5 “Who have imagined unrighteousnesses in their heart”....From them free me, from them let Your hand be most powerful to deliver me. For easy is it to avoid open enmities, easy is it to turn aside from an enemy declared and manifest, while iniquity is in his lips as well as his heart; he is a troublesome enemy, he is secret, he is with difficulty avoided, who bears good things in his lips, while in his heart he conceals evil things. “All the day long did they make war.”
What is, “war”? They made for me what I was to fight against all the day. For from thence, from such hearts as these, arises all that the Christian fights against. Be it sedition, be it schism, be it heresy, be it turbulent opposition, it springs not save from these imaginings which were concealed, and while they spoke good words with their lips, “all the day long did they make war.” You hear words of peace, yet making war departs not from their thoughts. For the words, “all the day long,” signify without intermission, throughout the whole time.
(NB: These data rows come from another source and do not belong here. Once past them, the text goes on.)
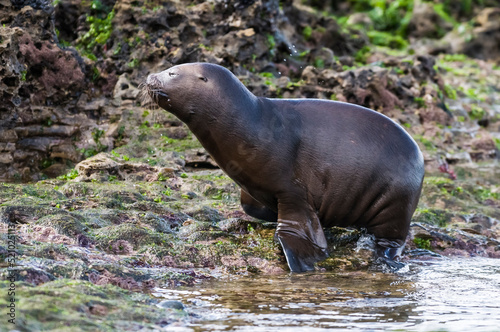 SOUTH AMERICAN SEA LION pup Peninsula Valdes  Chubut Patagonia  Argentina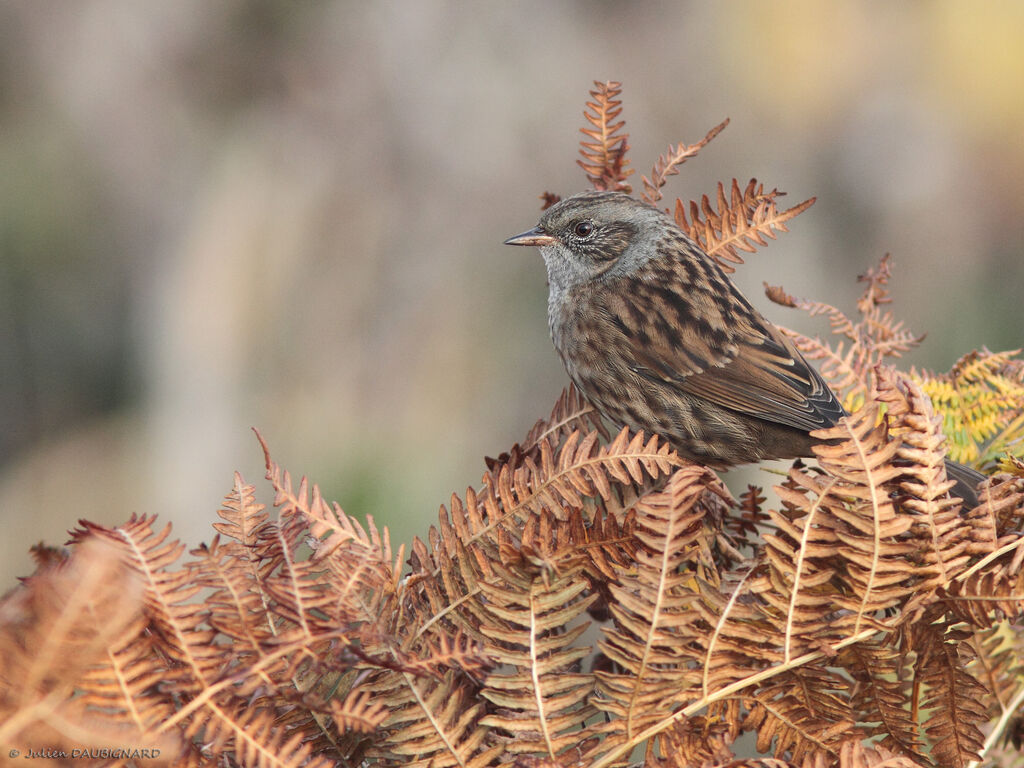 Dunnock, identification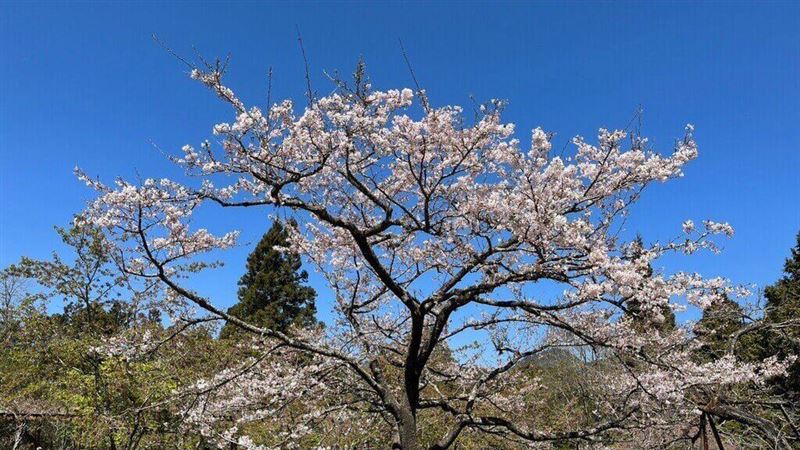 櫻王將盛開　阿里山週末估湧「破萬人潮」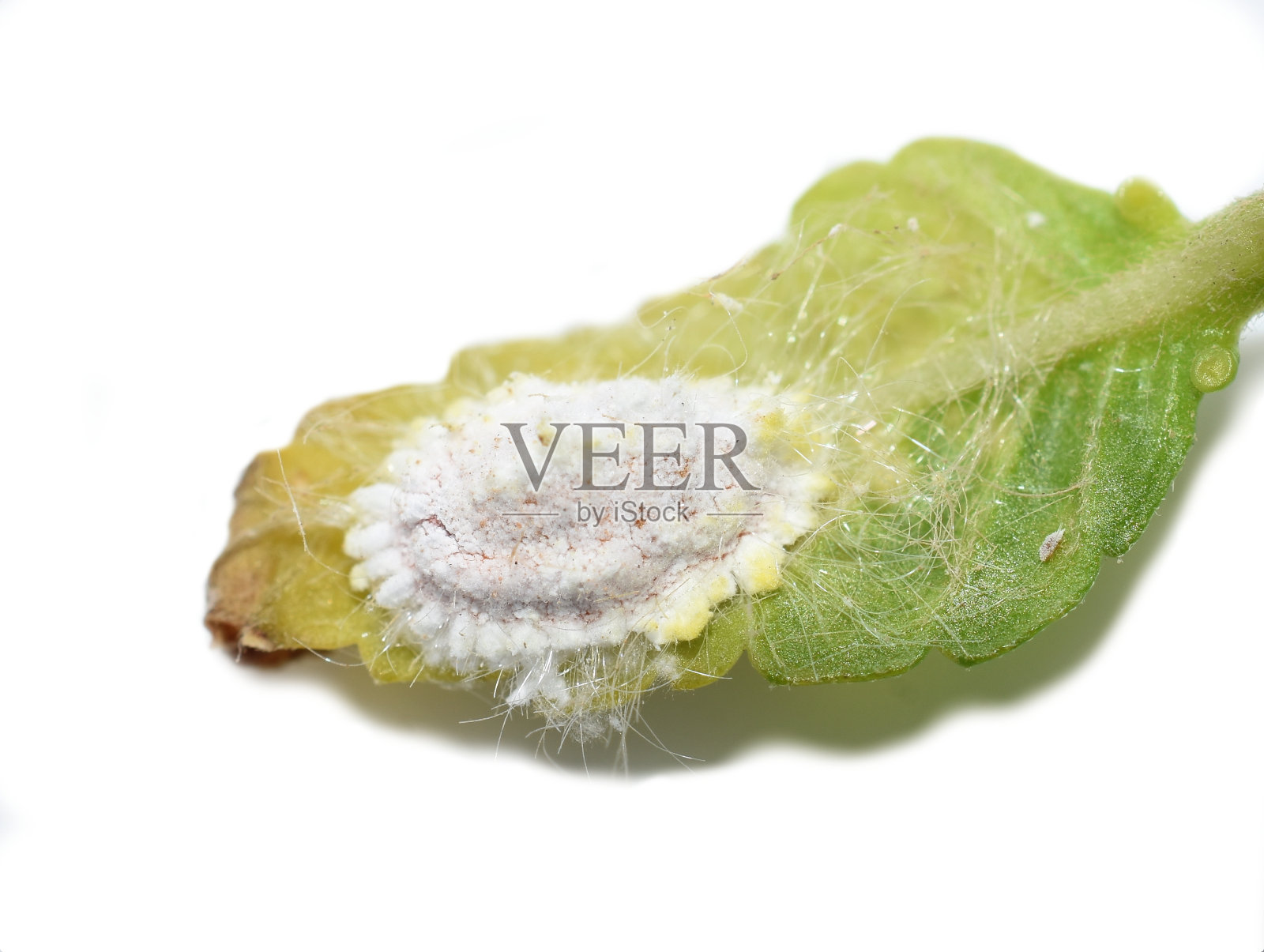 塞舌尔介壳虫照片摄影图片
“They have sharpened their tongues like serpents”. If still you seek to make out the man, behold a comparison. In the serpent above all beasts is there cunning and craft to hurt; for therefore does it creep. It has not even feet, so that its footsteps when it comes may be heard. In its progress it draws itself, as it were, gently along, yet not straightly. Thus then do they creep and crawl to hurt, having poison hidden even under a gentle touch. And so it follows, “the poison of asps is under their lips.” Behold, it is “under” their lips, that we may perceive one thing under their lips, another in their lips....
Source: The Enarrations, or Expositions, on the Psalms (New Advent)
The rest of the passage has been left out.